Los personajes de mis libros
preferidos, claro.
Un hombre alto y grande, de piel oscura
y rizos de color negro, vestido como un campesino pero repeinado como
un marqués se deja caer, gruñendo, en mi sofá.
-¿Qué hacer?-me grazna
Heathcliff-¡Sácale el corazón y bébete su sangre!
Catherine Earnshaw se materializa a su
lado, mirándome con altanería primero, con sabia comprensión
después.
-No hagas nada de lo que puedas
arrepentirte. Piénsalo muy bien, porque puede convertirse en el peor
de tus errores, Cris.
Suspiro, sin responder. Ellen, la vieja
ama de llaves, se sitúa sentada en el escalón, manoseando
ociosamente los hilos sueltos de su labor de punto.
-Siguen siendo niños...-Comenta con
sorna. Luego los mira con severidad, riñéndoles-. ¡Deberían saber
lo que se siente al estar enamorado! ¡Sobre todo usted, Heathcliff!
Éste no da muestras de sentirse
ofendido en absoluto, siguen deleitándose de su sanguinolenta idea.
Luego hace acto de presencia Vida Winter, y solo puede sugerirme lo
que ya sé:
-Las palabras deben pronunciarse. Las
historias deben salir. Si no, enferman y mueren. Y luego te
persiguen.
El libro de Dianne Setterfield no
supone una gran ayuda para mí. Ya lo hago, ya lo digo, lo expreso.
Pero en voz bajita, en voz mental. Allá donde no sea necesario un
interlocutor, ni siquiera la voz. Sólo un trozo de papel, un
bolígrafo, o quizás un ordenador. Un sitio donde no me tiemble la
voz si lloro.
Vida Winter tenía razón. Mi historia
está muriendo. Luego ya no podré contársela al mundo.
¿Acaso existe fuente más perenne que
el papel?
-¿Entonces?-susurro a los muertos
productos de mi imaginación- ¿Le olvido? ¿Le pido perdón? ¿Me
arrastro?
Bipa, con sus blancos mechones de pelo
ondulado, con el rostro redondo, tal y como yo me la imagino, con su
ropa de piel....Bipa, la valiente Bipa, cogida de la mano de Aer.
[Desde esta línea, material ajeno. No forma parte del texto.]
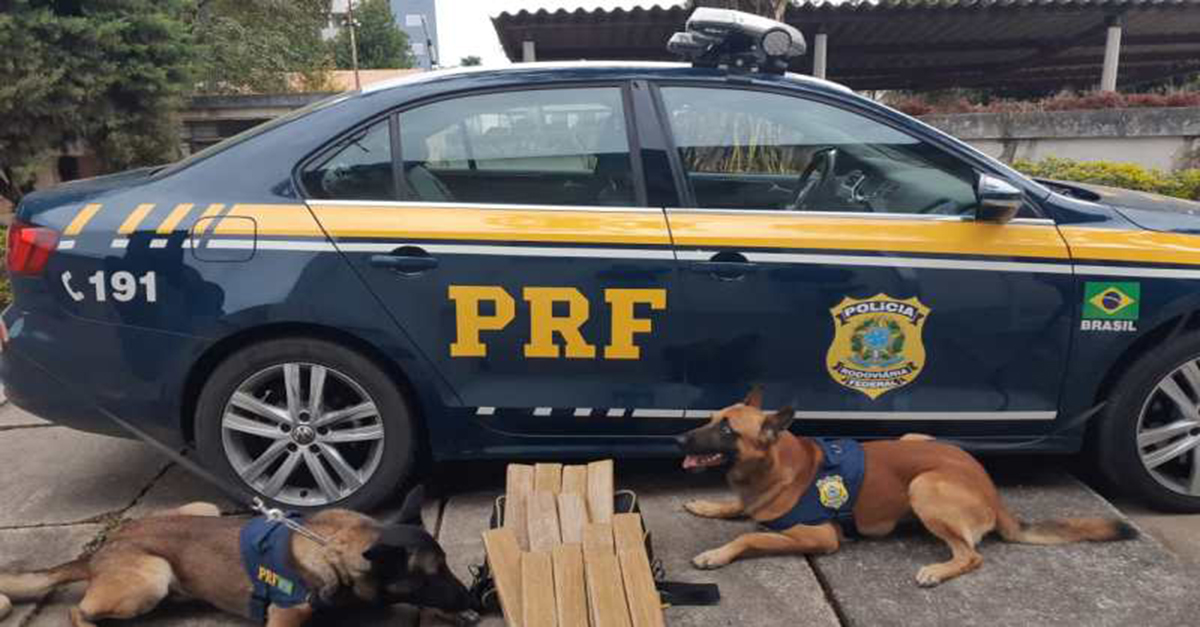 PRF prende casal com 10kg de maconha em mochila em Pouso Alegre (MG).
-Lucha, sigue adelante. Olvídale si
con eso eres feliz.
-Tú fuiste a por él, arriesgaste tu
vida, tu felicidad y tu frágil equilibrio-le recordé.
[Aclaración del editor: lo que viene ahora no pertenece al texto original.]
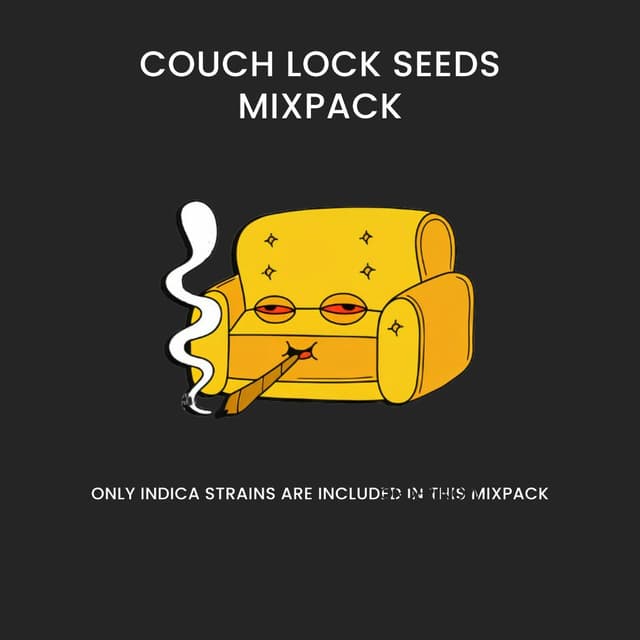 Couch Lock Mixpack cannabis seeds packaging — Royal King Seeds Australia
Ella permanece en un silencio
enigmático, y Aer clava sus incoloros ojos en los míos.
-Persigue tus sueños, Cris. Quien no
arriesga, no gana.
Me removí, incómoda.
-No gana...Pero tampoco pierde.
Enma se interpuso entre la pareja y yo,
hinchando los carrillos de forma infantil. Se echó los rizos hacia
atrás, furiosamente. Era increíblemente bella...y superficial. La
celestina del libro que lleva como título su propio nombre.
-¡Si te pones así, podemos
encontrarle el lado bueno a todo!
El code Fosco balancea su enorme
barriga casi esférica por la habitación.
-¡Ah, querida! ¡Cómprate unos
canarios! ¡Alegran la vida!
Y silba alegremente, llamando a los
suyos.
Jane Eyre se mete en escena, cargando
al ciego Rochester. Katniss, con su pierna quemada y sangrando por un
oído, con varios puntos del cuerpo hinchados como pelotas de tenis,
me susurra que siga adelante. Peeta niega con la cabeza, sus ojos
azules me instan a salir corriendo y dejarlo todo atrás. Tanto
tiempo luchando...Tantos meses de fatiga...
Pronto ya no puedo contar las figuras.
Todos los libros, todos los autores, los géneros, los buenos con los
malos...Todos se ponen a discutir, su voz de alza furiosa. Sus
argumentos son incoherentes. Ya no me prestan atención.
-¡BASTA!-Grito.
Todas las imágenes me observan
calladamente durante un par de segundos. Luego desaparecen como una
nube de humo, con un tímido “Plof”
Oigo el crujido de una puerta cerrarse
y pasos en la escalera. Cierro el libro bruscamente. Cuando mi padre
irrumpe, alarmado, en la salita, los primeros rayos del sol tiñen
las cortinas de color ámbar. Me froto los ojos con inocencia,
fingiendo un bostezo.
-¿Estás bien?
Alzo mi límpida mirada hacia su rostro
suspicaz.
-¿Hmmm? Ah, sí, he debido quedarme
dormida, y he tenido...una pesadilla.
Arrastro las palabras, aparentemente
somnolienta.
Se acerca a mí y me palmea la espalda.
Yo acaricio el dorso de su mano, grande y tibia incluso durante lo
más crudo del invierno.
-¿Te apetece desayunar?
Me pongo en pie y estiro mis
entumecidas articulaciones, gimiendo
-¿Qué me ofreces?-esbozo una sonrisa
traviesa
-¿Qué hay deeeeeeeeeeee....Unos
churros con chocolate?
-Déjame a mí el café.
Le sigo hacia la cocina, tarareando
quedamente una melodía de vete a saber dónde.